Green v. Commerce Bank of St. Louis, N.A.

53 S.W.3d 229 | Mo. Ct. App. | 2001

DRAPER, Judge.

James C. Green (hereinafter, “Green”) brought this suit to quiet title to real estate and recover damages from Commerce Bank of St. Louis (hereinafter, “Commerce”) and Heartland Automotive, Inc.. The trial court entered summary judgment. Green appeals.

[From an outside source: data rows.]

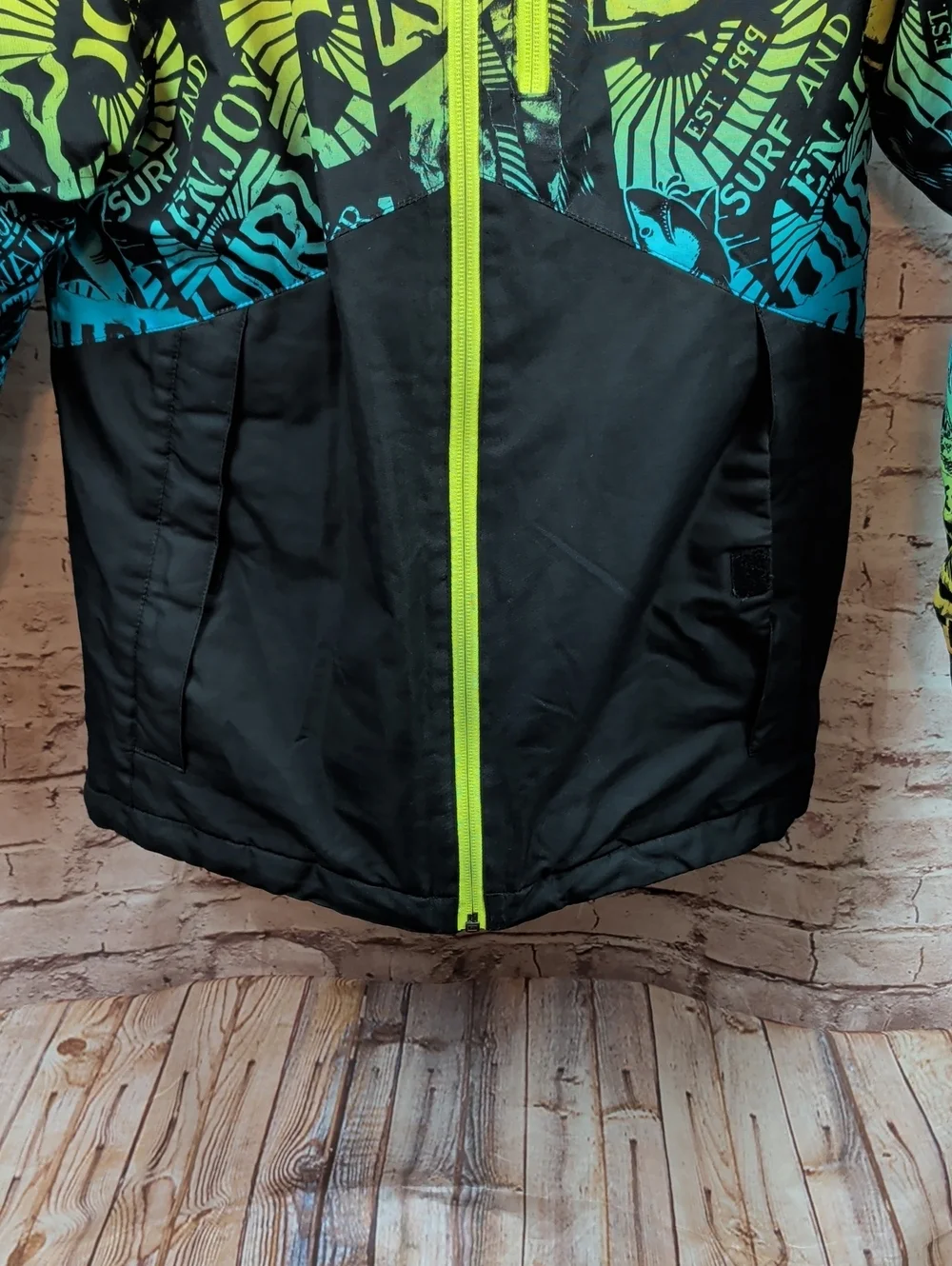 Hurley Neon Graphic Zip-Up Puffer Jacket Boy's Medium Like New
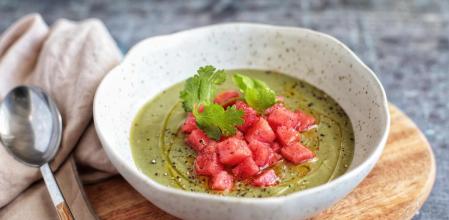 La receta más fresca de sopa de aguacate y sandía que querrás comer todo el verano
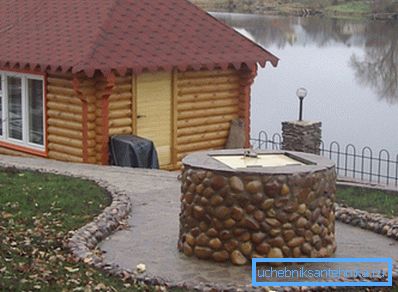 Bir hatch ile cobblestones evi. Bir hatch ile cobblestones evi.
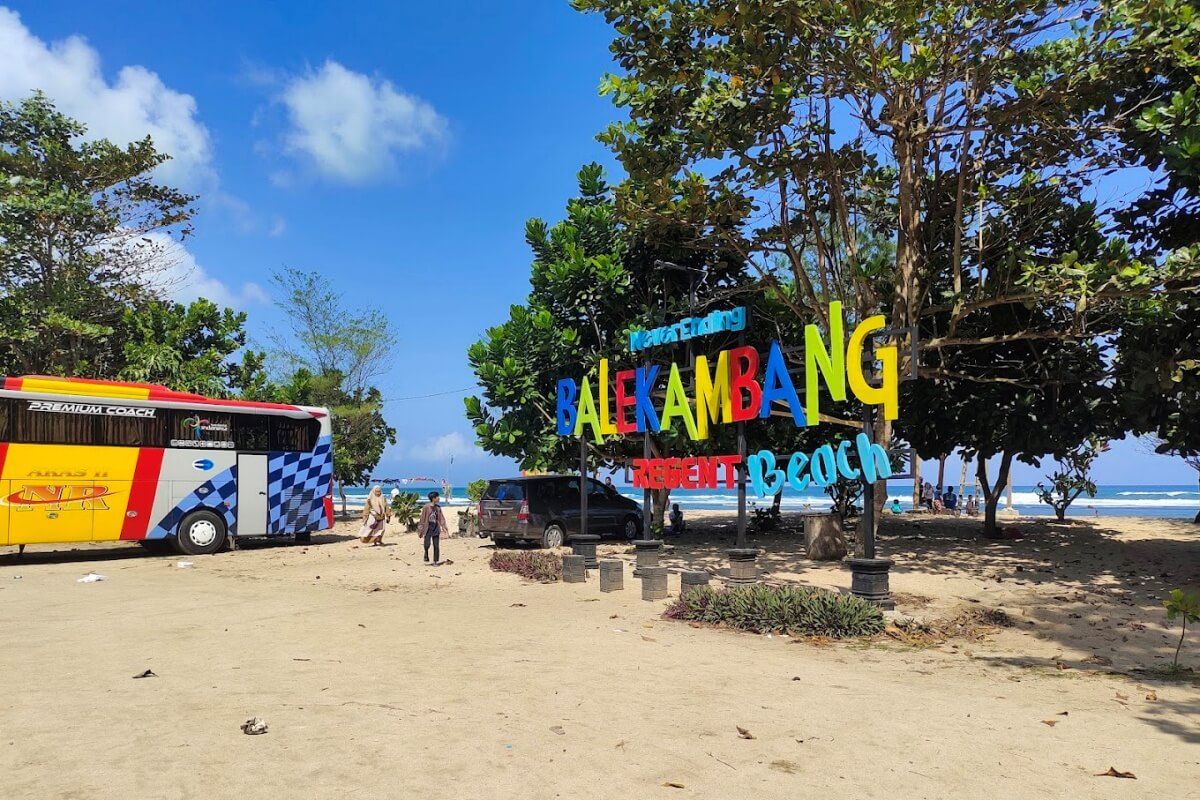 tiket masuk pantai balekambangan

In review of summary judgment, we review the record in the light most favorable to the party against whom the judgment was entered. ITT Commercial Finance v. Mid-America Marine, 854 S.W.2d 371, 376 (Mo. banc 1993). Summary judgment is intended to move the parties beyond the petition’s allegations and determine if a material fact for trial exists. Martin v. City of Washington, 848 S.W.2d 487, 491 (Mo. banc 1993). Appellate review of the grant of summary judgment is purely a question of law and, hence, employs the same criteria as imposed by the trial court in its initial determination of the propriety of the motion. ITT Commercial Finance, 854 S.W.2d at 376.

When viewing the facts in the light most favorable to the party against whom the summary judgment was entered, we find that the facts are as follows: At issue in this case is a parcel of land (hereinafter, “the Property”) located in Saint Louis County. The Property was acquired by the Illinois corporation Midwest Superior Car Wash, Inc. (hereinafter, “Midwest Superior”). On January 11, 1988, Midwest Superior executed a promissory note in favor of United Illinois Bank of Collinsville (hereinafter, “UIB”) in the amount of $355,000 secured by the deed of trust on the Property. UIB filed the deed of trust to the Property on January 12, 1988.

Initially, Midwest Superior erected a car wash facility on a portion of the Property. Subsequently, Midwest Superior decided to erect an oil change facility on the Property. The portion of the Property *231where the car wash facility is located will be referred to as the “Car Wash Property,” and the portion of the Property with the oil change facility will be referred to as the “Jiffy Lube Property” for clarity even though the Property is not legally subdivided.1 In order to finance the oil change facility, Midwest Superior borrowed money for the construction from Commerce on August 23, 1988. Commerce obtained a deed of trust2 for the Property and executed a building loan agreement with Midwest Superior. Commerce filed its deed of trust with the Saint Louis Recorder of Deeds on September 2, 1988. At the same time Commerce acquired the second mortgage, UIB executed a “Partial Release of Mortgage Deed” (hereinafter, “partial release”) conveying any interest it held in the Jiffy Lube Property to Midwest Superior and reserving all interest in the remainder of the Property. The partial release was recorded immediately, and Commerce requested notification of any foreclosure on the first mortgage.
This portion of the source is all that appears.